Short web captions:
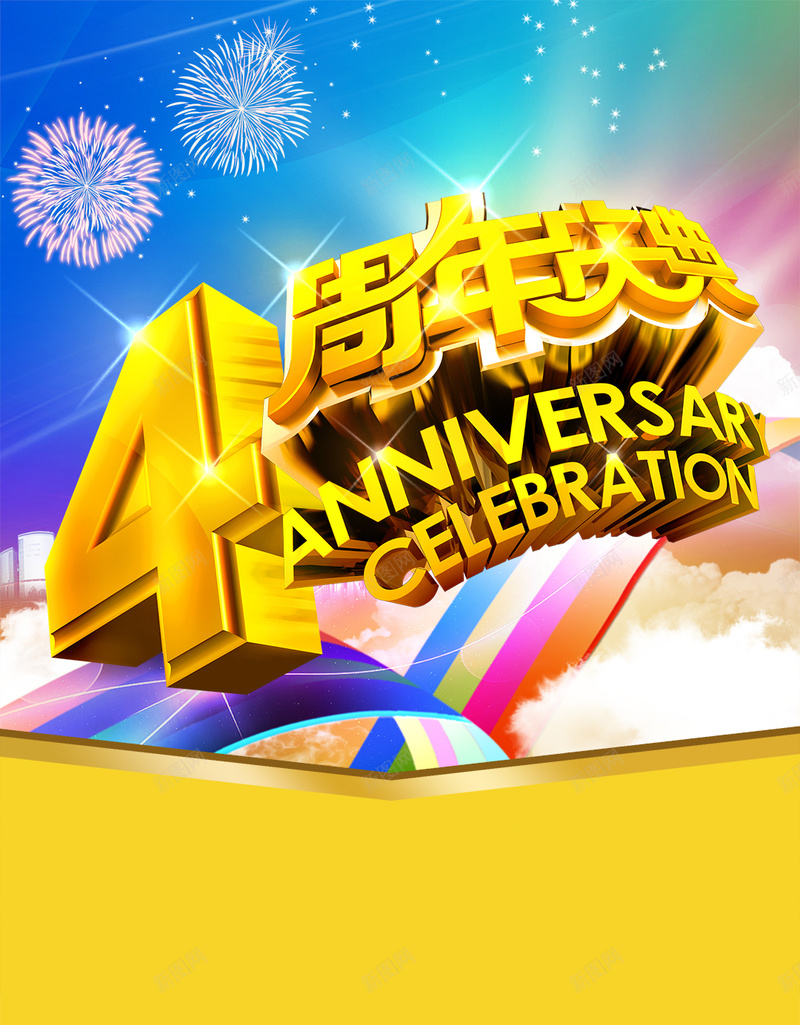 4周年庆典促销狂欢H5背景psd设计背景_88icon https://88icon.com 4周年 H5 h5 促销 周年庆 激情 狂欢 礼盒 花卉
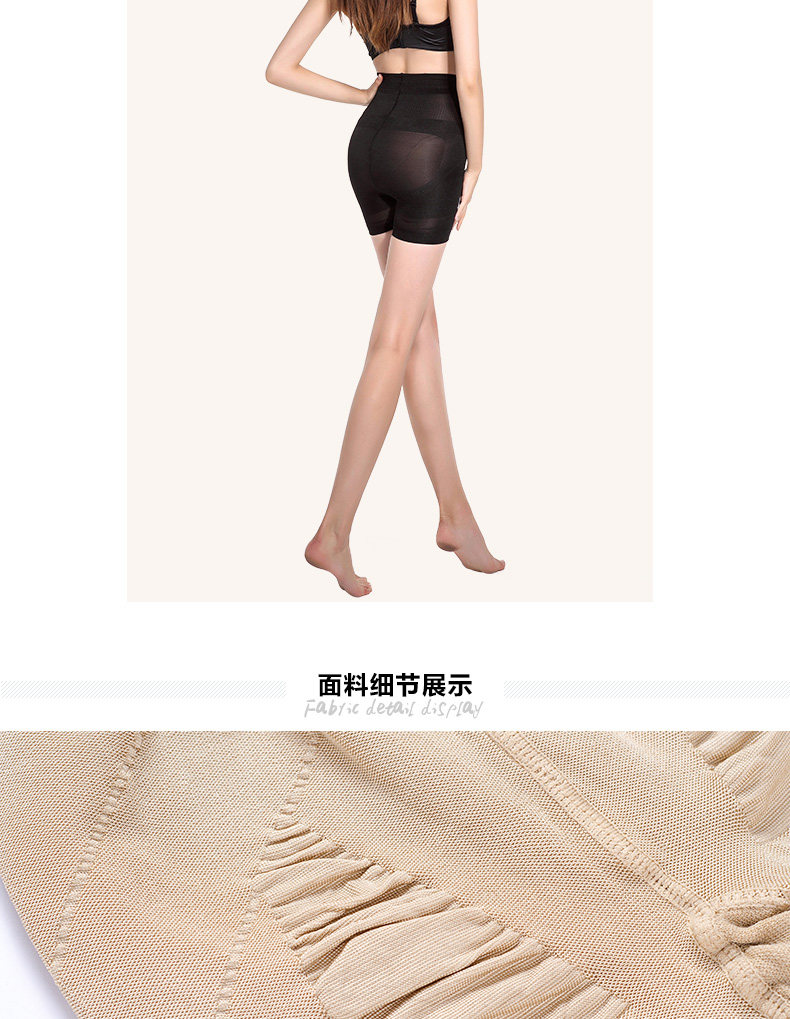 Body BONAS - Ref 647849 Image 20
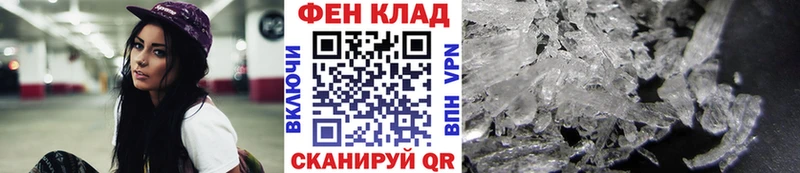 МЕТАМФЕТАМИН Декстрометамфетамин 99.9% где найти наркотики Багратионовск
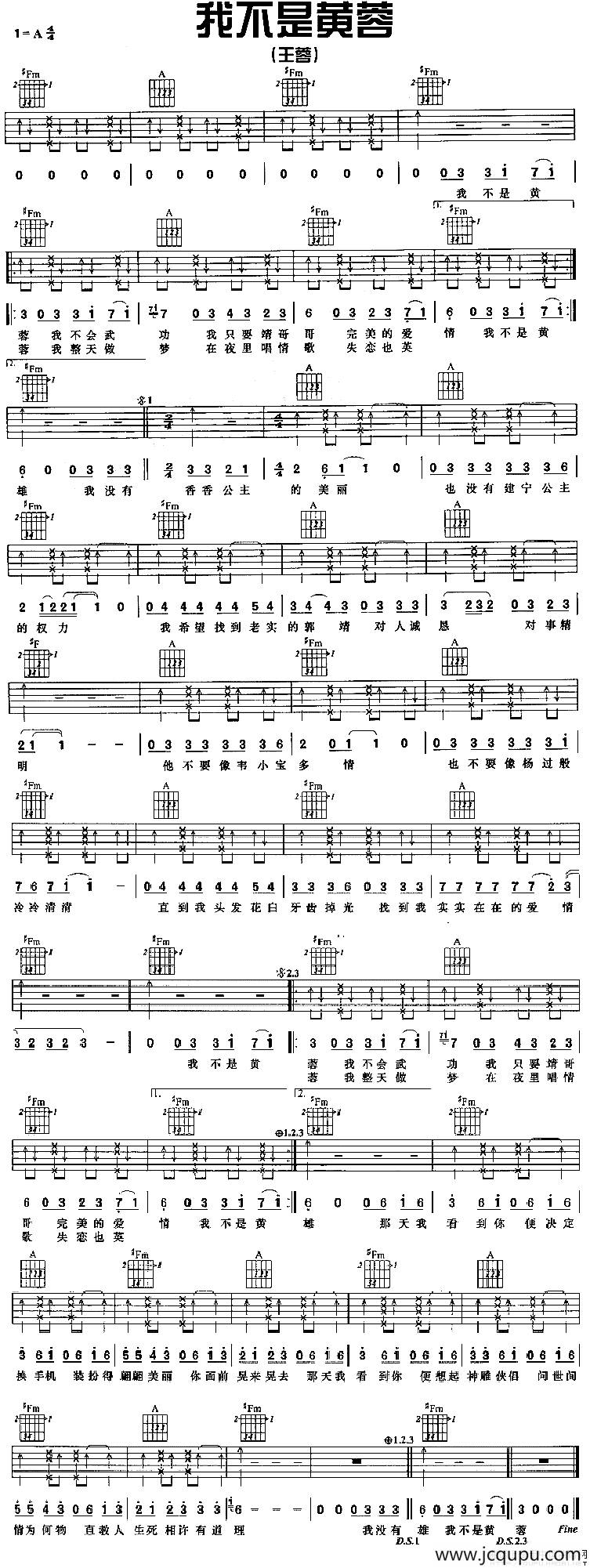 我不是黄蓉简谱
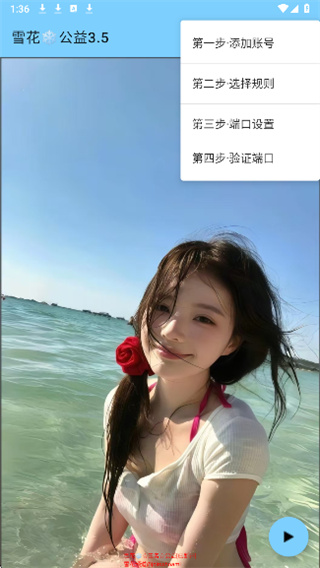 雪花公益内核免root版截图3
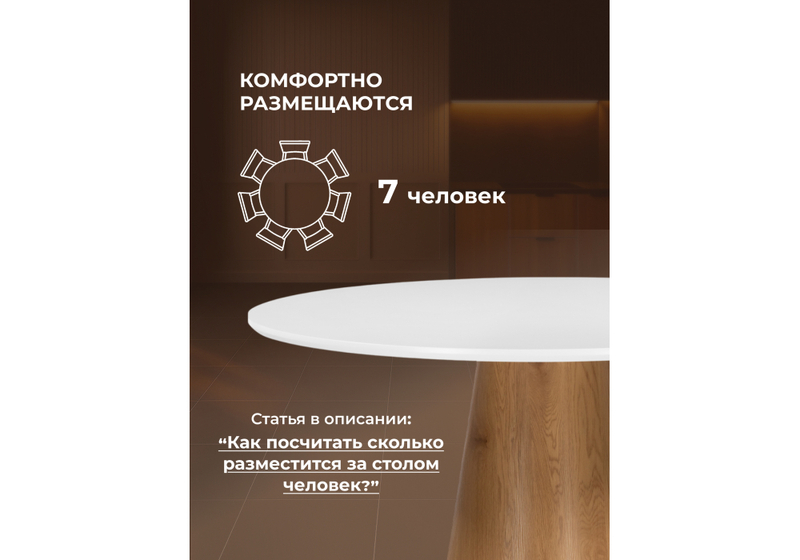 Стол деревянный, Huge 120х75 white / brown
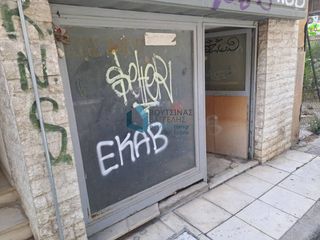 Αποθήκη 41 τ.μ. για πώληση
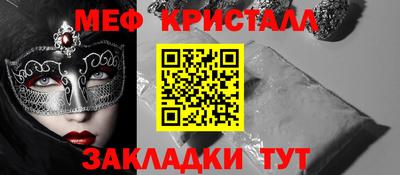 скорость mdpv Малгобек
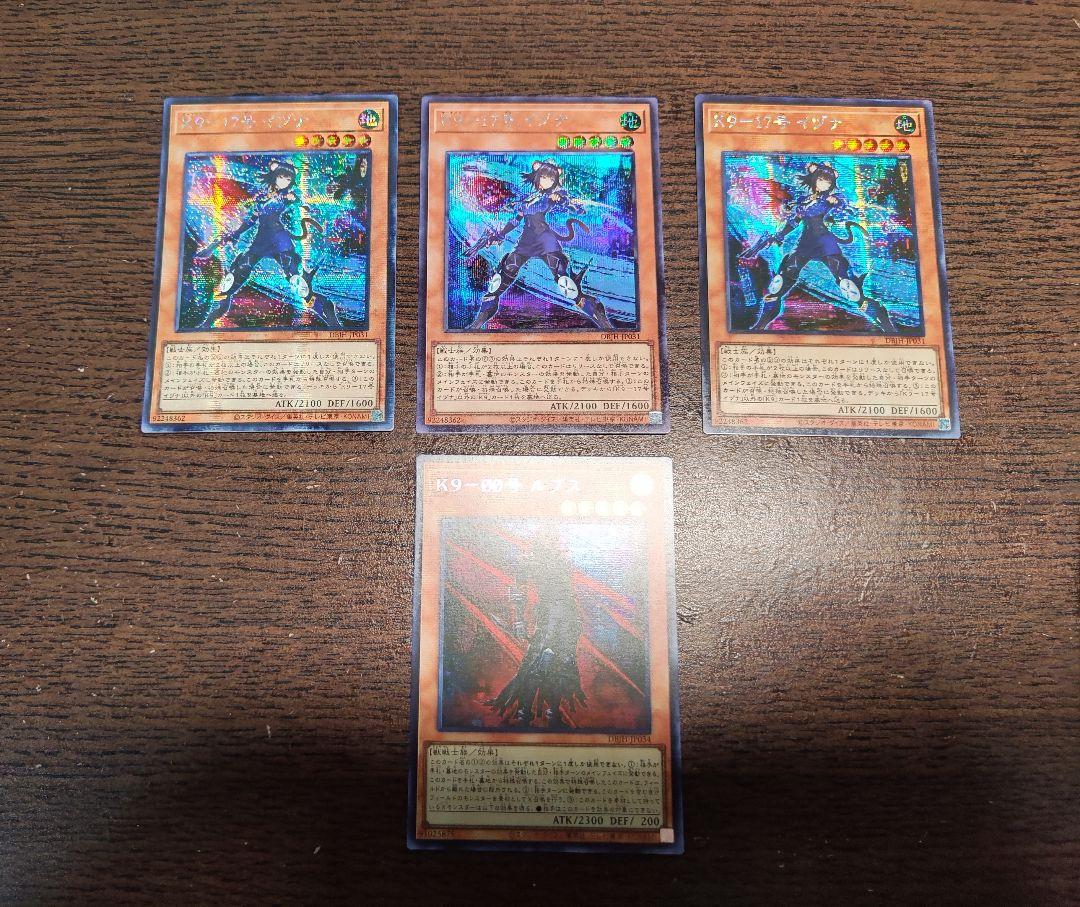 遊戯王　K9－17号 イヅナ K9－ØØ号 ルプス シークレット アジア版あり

**TASK REQUIREMENTS:** The reply should repeat the data in full, exactly as given, and contain no pictures.

**SOLUTION TO THE EXERCISE:**
 4周年庆典促销狂欢H5背景psd设计背景_88icon https://88icon.com 4周年 H5 h5 促销 周年庆 激情 狂欢 礼盒 花卉
 Body BONAS - Ref 647849 Image 20
 МЕТАМФЕТАМИН Декстрометамфетамин 99.9% где найти наркотики Багратионовск
 我不是黄蓉简谱
 雪花公益内核免root版截图3
 Стол деревянный, Huge 120х75 white / brown
 Αποθήκη 41 τ.μ. για πώληση
 скорость mdpv Малгобек
 遊戯王　K9－17号 イヅナ K9－ØØ号 ルプス シークレット アジア版あり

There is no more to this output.